EUROVISION PROPOSAL: So, once again, the ritual of Cyprus giving Greece 12, Greece gives Cyprus 12 has been gone through, but as with the expansion of the EU, the centre of Eurovision gravity has shifted quite a way East as the Balkans and Baltics and Slavs share their cake amongst themselves. Of course, it doesn't really matter, and we're quite taken with idea of one night's programming a year coming live from the old Warsaw Pact ourselves. Certainly, the accension countries seem to put a bit more effort into it - maybe we'd have stood a better chance if James Fox had been dressed in a posing pouch with two girls in cages waving their stripper's tassles at the camera. Not as good a chance we've had stood if James Fox had been Clare Grogan, but a better chance nevertheless.

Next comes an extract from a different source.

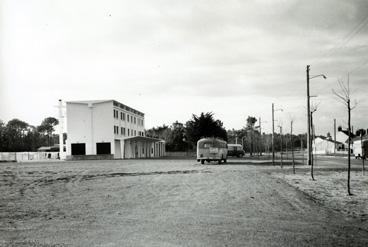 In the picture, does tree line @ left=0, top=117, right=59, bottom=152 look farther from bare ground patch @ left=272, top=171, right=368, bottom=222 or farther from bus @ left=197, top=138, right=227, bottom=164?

Anyway, it's clear that - just to stop the annual moaning about the votes being given out with one eye on the political realities of the modern Europe - something needs to be done. The problem of buddy-voting could be reduced if every voting country had to provide a score for every song. While Denmark and Iceland would still swap their highest accolades, having to provide some sort of scores for everyone would at least smooth out the effect of, say, all of the Yugoslav countries voting themselves big. The downside is sitting through a bilingual announcement of twenty-five scores from thirty-odd nations would prolong the voting to a point where even the keenest Eurovision fan might start flicking over to see what was on the other side (by this point, it'd be ITV Nightscreen).
So, we have a modest proposal. Keep the ten points to be shared out amongst the ten favourite songs per jury, but let's alter the jury system a little. At the moment, each nation has its own jury. What we'd like to see is juries comprised of more than one country. They could be regional, although that would have problems (Would the UK pair with Ireland? Does France go with Andorra, or should Spain do that?), so it would make sense for the partners to be chosen at random - I see something like the World Cup final draws, with a giant brandy glass containing all the names of the voting nations, drawn out two by two. Each country would still have a phone vote on the evening, but the totals for the pair nations would be combined before the points were distributed - so you might find that the UK and Russia had their votes added together. In order to stop the sheer volume of large countries swamping smaller pair partners, before the votes are combined they'd be altered to one point per percentage of the poll. Of course, this means that only half the EBU nations would get to have a presenter sat in front of a picture of their downtown capital (although they could get the pairs to co-anchor: "Now, the votes from the United Kingdom and Malta, with Lorraine Kelly from the BBC in Valetta..."), but on the upside it'd save them some cash. It wouldn't stop the good people of Spain casting votes in favour of their Portugese brothers, but it would reduce the distortion in the voting.
Now, onto item two: calls for the immedeate reinstatement of Colin Berry.